▶ Entries provided:
----

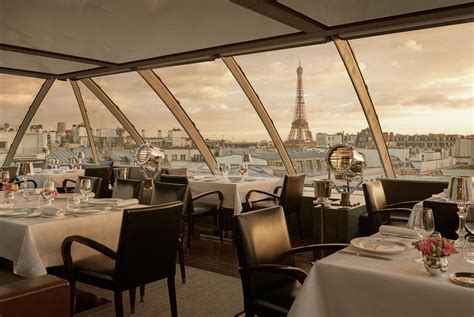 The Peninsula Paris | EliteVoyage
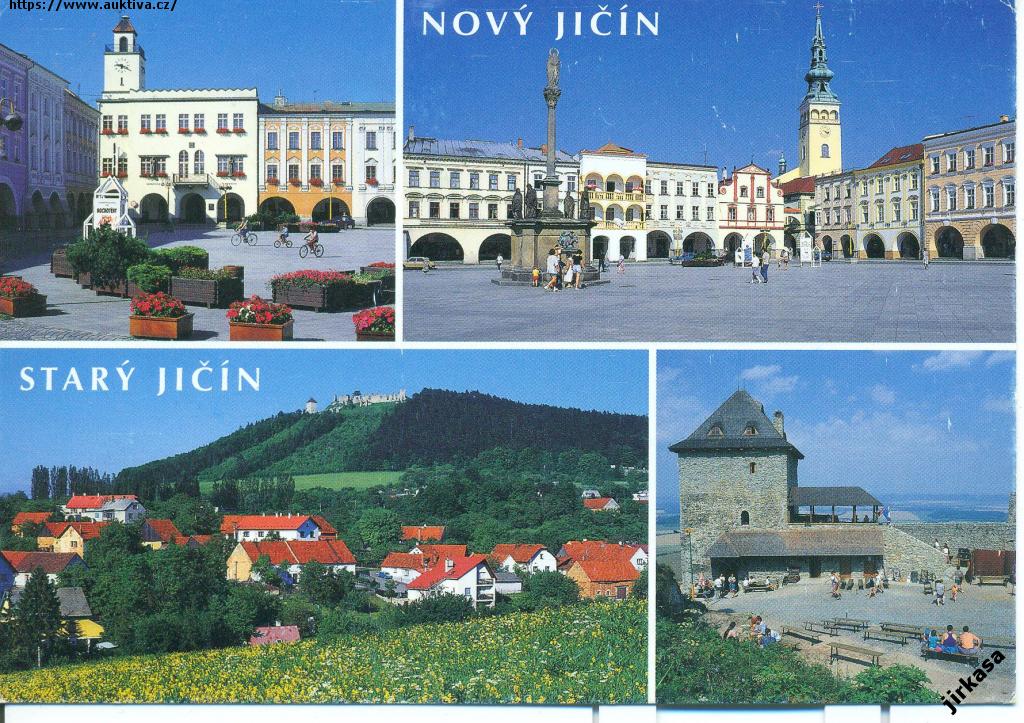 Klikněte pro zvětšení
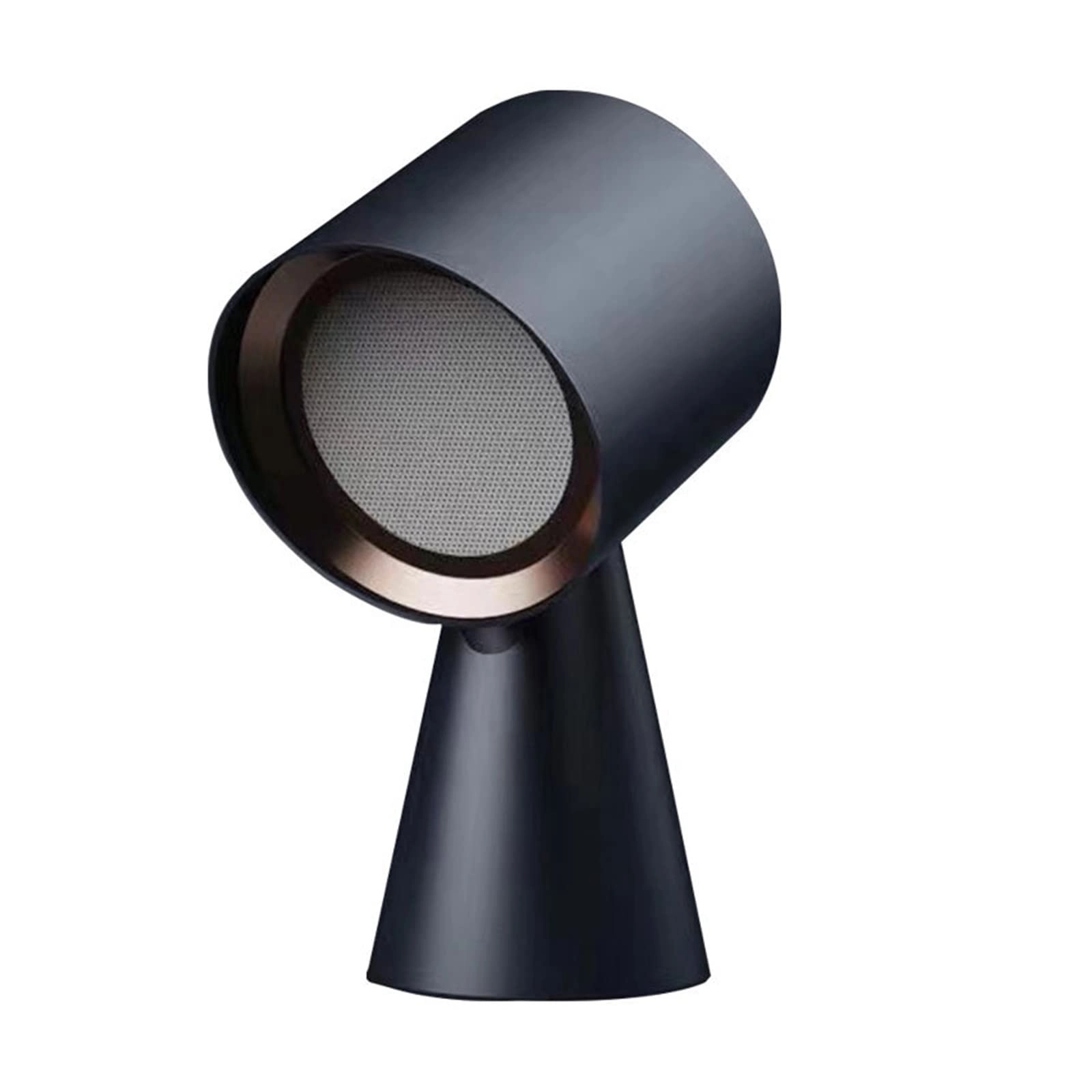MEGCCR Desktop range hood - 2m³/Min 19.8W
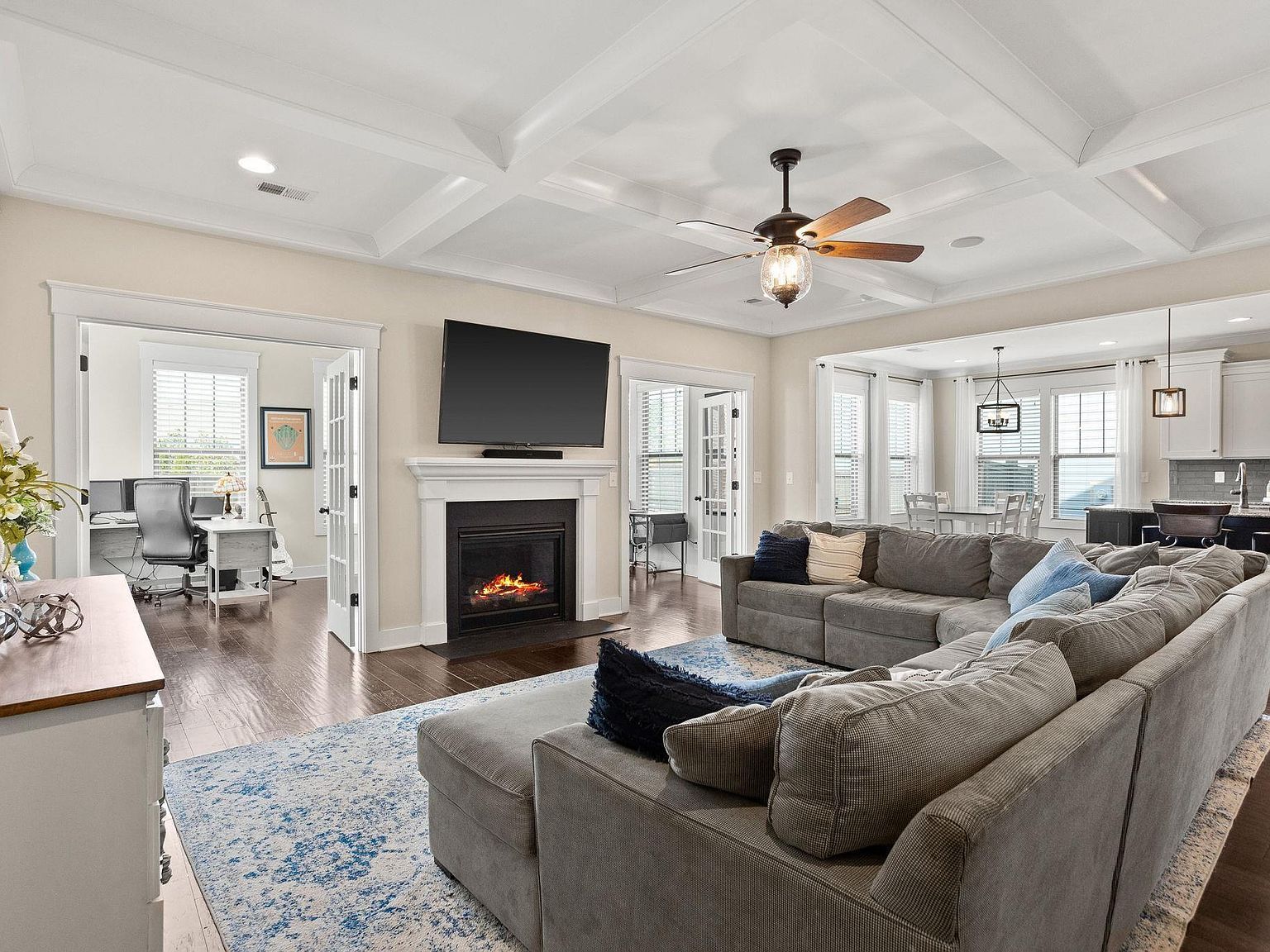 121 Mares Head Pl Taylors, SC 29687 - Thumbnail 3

----

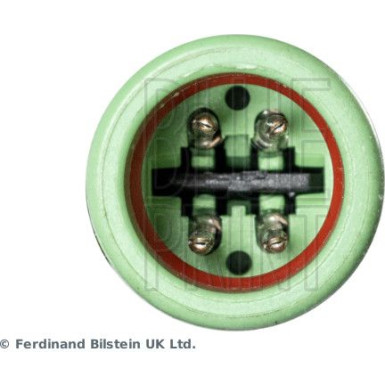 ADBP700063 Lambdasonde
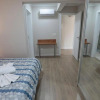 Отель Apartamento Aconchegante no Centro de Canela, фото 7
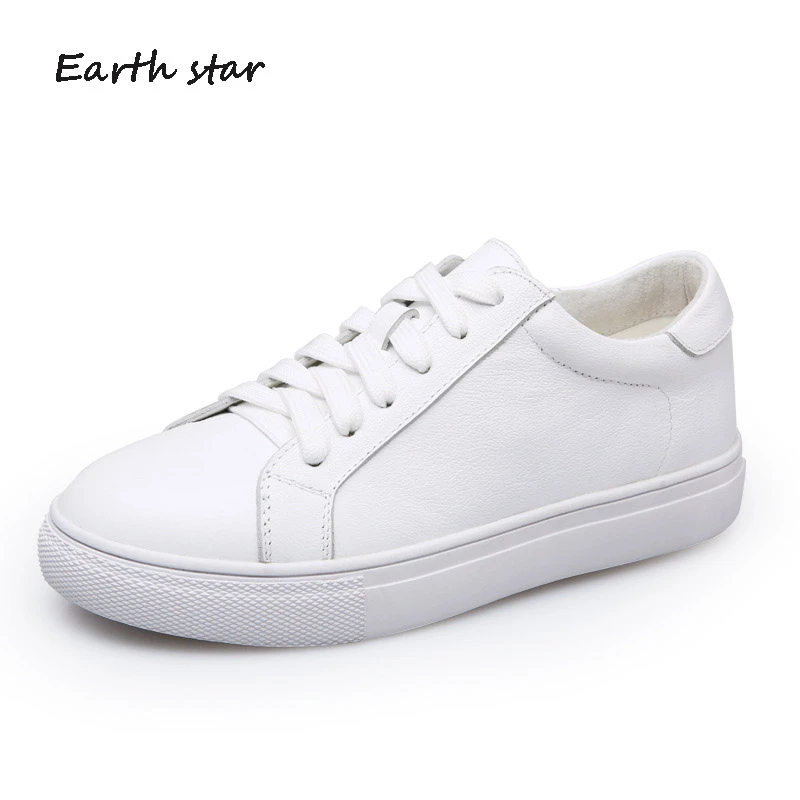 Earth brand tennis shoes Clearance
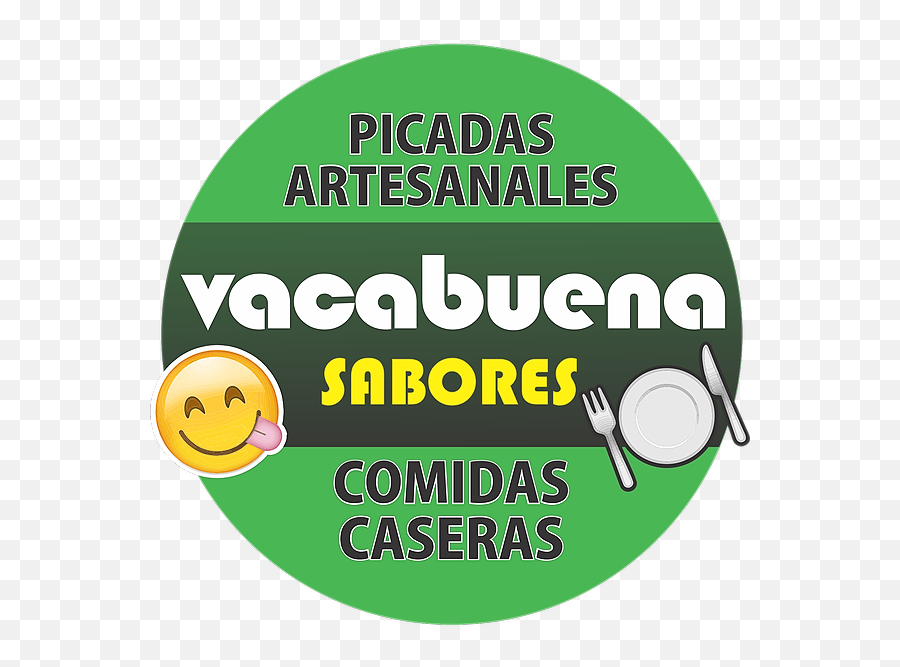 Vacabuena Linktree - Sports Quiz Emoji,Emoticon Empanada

----

▶ Your goal: Having found the line with "Peninsula Paris | EliteVoyage" and the line with "121 Mares Head" in the material above, write out exactly those two and every line between, leaving the pictures out.

▶ Result of the exercise:
 The Peninsula Paris | EliteVoyage
 Klikněte pro zvětšení
MEGCCR Desktop range hood - 2m³/Min 19.8W
 121 Mares Head Pl Taylors, SC 29687 - Thumbnail 3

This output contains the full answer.